▶ [ACTIVITY]: Leave every picture behind and copy the rest of the entries below exactly.

▶ [RECORDED INFORMATION]:
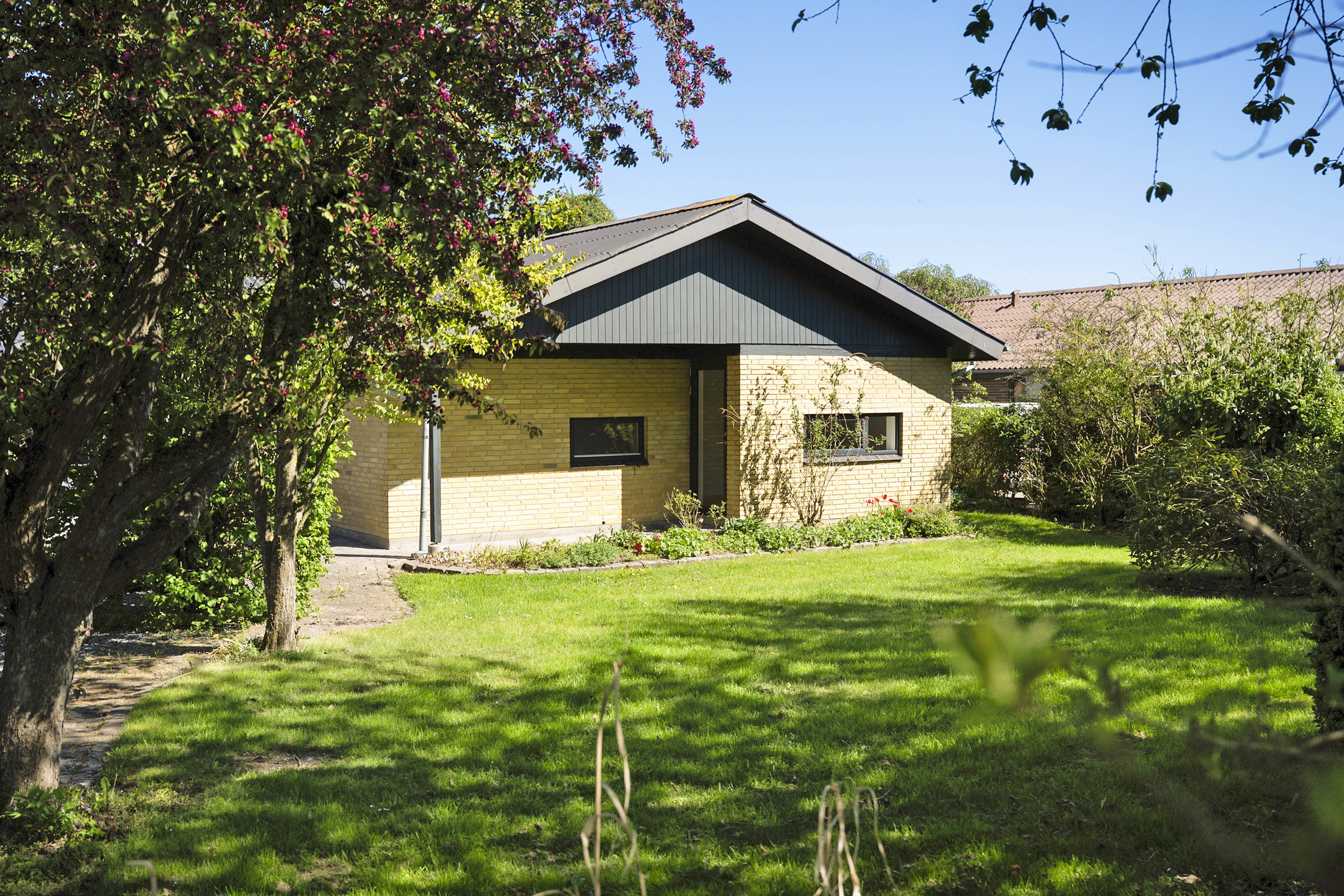 Fruenshave 60, 8732 Hovedgård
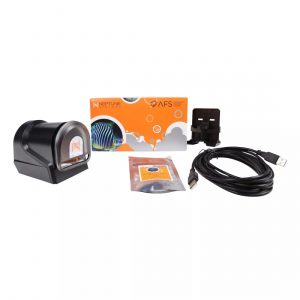 AFS - AUTOMATIC FEEDING SYSTEM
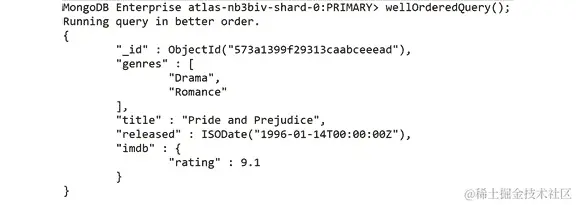 图 7.21：前面片段的输出（为简洁起见而截断）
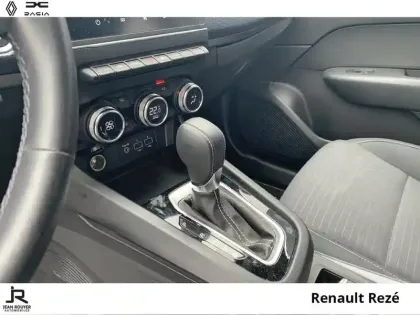 Photo 5 Renault Arkana  1.6 E-Tech 145ch full hybrid Evolution -24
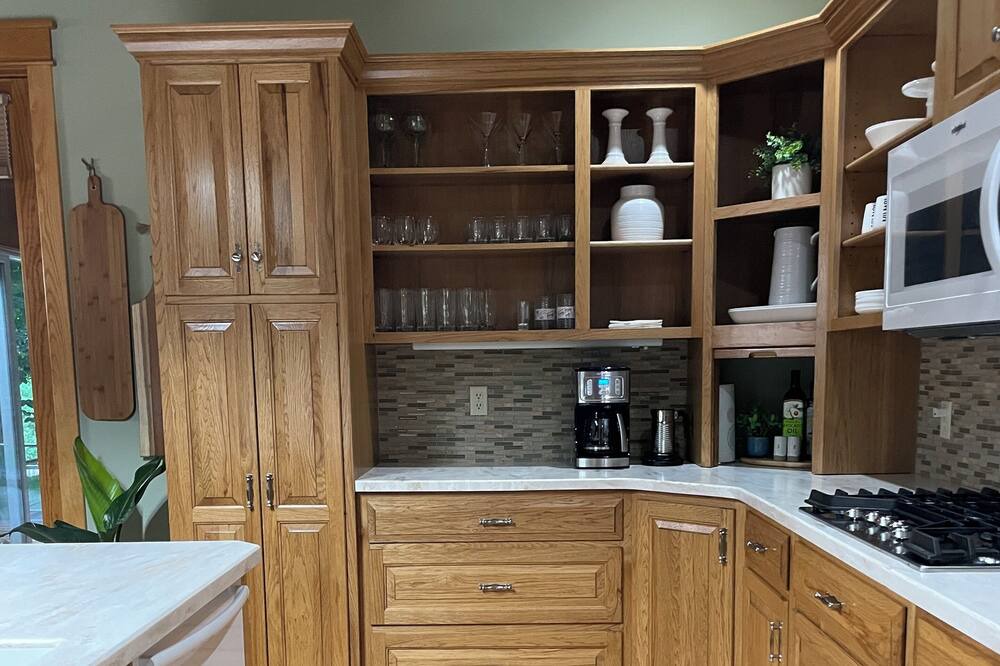 Photo of Kitchen in Three Rivers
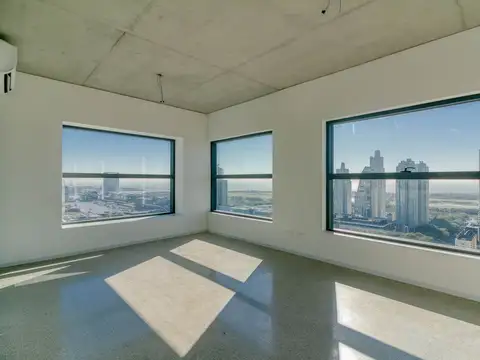 VENTA DEPTO 3 AMBIENTES EN PUERTO MADERO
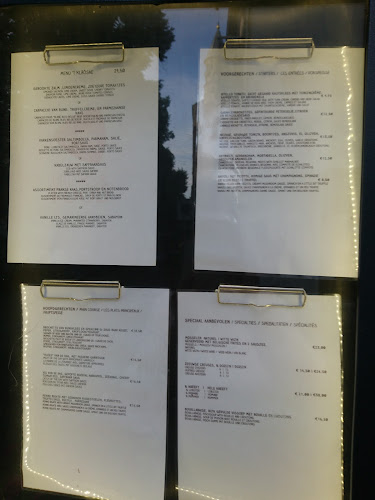 ‘t Kläöske - Horeca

▶ [ANSWER BOX]:
 Fruenshave 60, 8732 Hovedgård
 AFS - AUTOMATIC FEEDING SYSTEM
 图 7.21：前面片段的输出（为简洁起见而截断）
 Photo 5 Renault Arkana  1.6 E-Tech 145ch full hybrid Evolution -24
 Photo of Kitchen in Three Rivers
 VENTA DEPTO 3 AMBIENTES EN PUERTO MADERO
 ‘t Kläöske - Horeca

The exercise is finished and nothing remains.